A month later Gram and Gramps went to court to seek grandparent visitation under the old (pre-1/1/2016) 750 ILCS 607(a-5)).  They won.  On appeal, the appellate court affirmed the trial court's "common sense" finding that the children had formed an attachment to Ma and Pa Robinson and that visitation should be awarded.  Robinson v. Reif, 2014 IL App (4th) 140244 (4th Dist., 2014). The award amounted to

  • weekly unsupervised phone calls;

  • a week-long visit every June in Decatur, Illinois;

  • weekend visits in New Mexico every April, October, and December.  

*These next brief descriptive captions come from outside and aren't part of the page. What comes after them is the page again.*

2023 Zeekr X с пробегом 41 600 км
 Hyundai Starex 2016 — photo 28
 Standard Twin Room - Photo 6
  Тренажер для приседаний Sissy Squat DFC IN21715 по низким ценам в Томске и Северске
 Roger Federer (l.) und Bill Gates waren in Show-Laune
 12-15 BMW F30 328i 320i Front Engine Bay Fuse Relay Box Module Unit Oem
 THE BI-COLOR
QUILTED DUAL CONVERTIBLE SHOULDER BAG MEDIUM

We finally had some guidance about what it takes to win one of these cases short of big ticket, expert testimony from child psychiatrists:  grandparents have to demonstrate that the children have formed relationships and attachments with the grandparents and severing those relationships will result in harm to the kids.  If you ask me, the 4th District's Robinson flies in the face of the Supreme Court's Flynn, but it gives grandparents in the 4th District some hope.  Everyone else should plan on hiring an expert.

2016 -- The New Law:  Illinois adopted a new grandparent visitation law (750 ILCS 5/602.9) 1 January 2016.  The "new" law is, essentially, a re-organizing of the paragraphs of the the 2005 / 07 law.  The new law adds step-parents as possible Petitioners (step-siblings and half-siblings were already included in the 2005 / 07 law) and helps meet Constitutional muster by beefing up the list of  prerequisites to filing by changing:


". . . any grandparent, great-grandparent or sibling may file a petition for visitation rights to a minor child if there is an unreasonable denial of visitation by a parent . . . ."



"A petition for visitation may be filed under this Section only if there has been an unreasonable denial of visitation by a parent and the denial has caused the child undue mental, physical, or emotional harm."